(SUPPLIED ENTRIES)

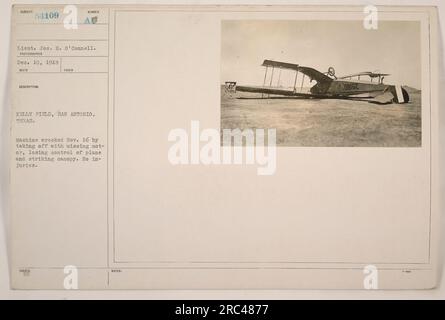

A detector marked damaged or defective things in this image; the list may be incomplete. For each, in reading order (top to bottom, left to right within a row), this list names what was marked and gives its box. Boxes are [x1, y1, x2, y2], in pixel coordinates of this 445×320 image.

crashed biplane [225, 59, 410, 104]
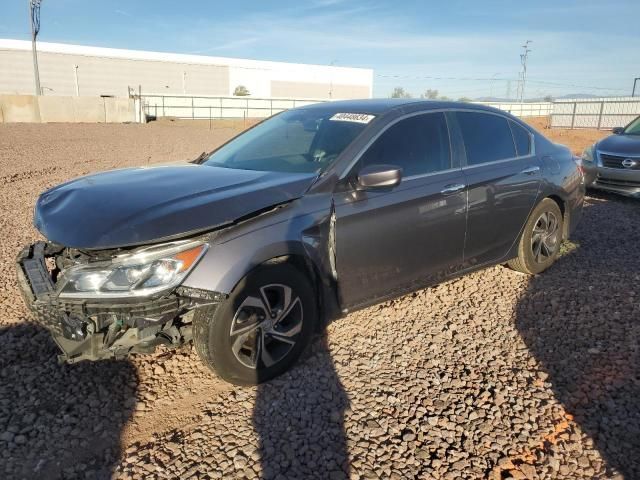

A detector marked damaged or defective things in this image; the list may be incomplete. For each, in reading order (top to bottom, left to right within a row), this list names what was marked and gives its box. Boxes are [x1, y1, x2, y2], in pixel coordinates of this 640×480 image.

damaged front end [15, 238, 222, 362]
crumpled front bumper [15, 242, 222, 362]
broken headlight housing [57, 242, 208, 298]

(End SUPPLIED ENTRIES)

EXERCISE DETAILS>
Copy all of the material word for word, and include none of its pictures.

RESULT>
A detector marked damaged or defective things in this image; the list may be incomplete. For each, in reading order (top to bottom, left to right within a row), this list names what was marked and gives its box. Boxes are [x1, y1, x2, y2], in pixel coordinates of this 445×320 image.

crashed biplane [225, 59, 410, 104]

A detector marked damaged or defective things in this image; the list may be incomplete. For each, in reading order (top to bottom, left to right within a row), this list names what was marked and gives its box. Boxes are [x1, y1, x2, y2], in pixel coordinates of this 640×480 image.

damaged front end [15, 238, 222, 362]
crumpled front bumper [15, 242, 222, 362]
broken headlight housing [57, 242, 208, 298]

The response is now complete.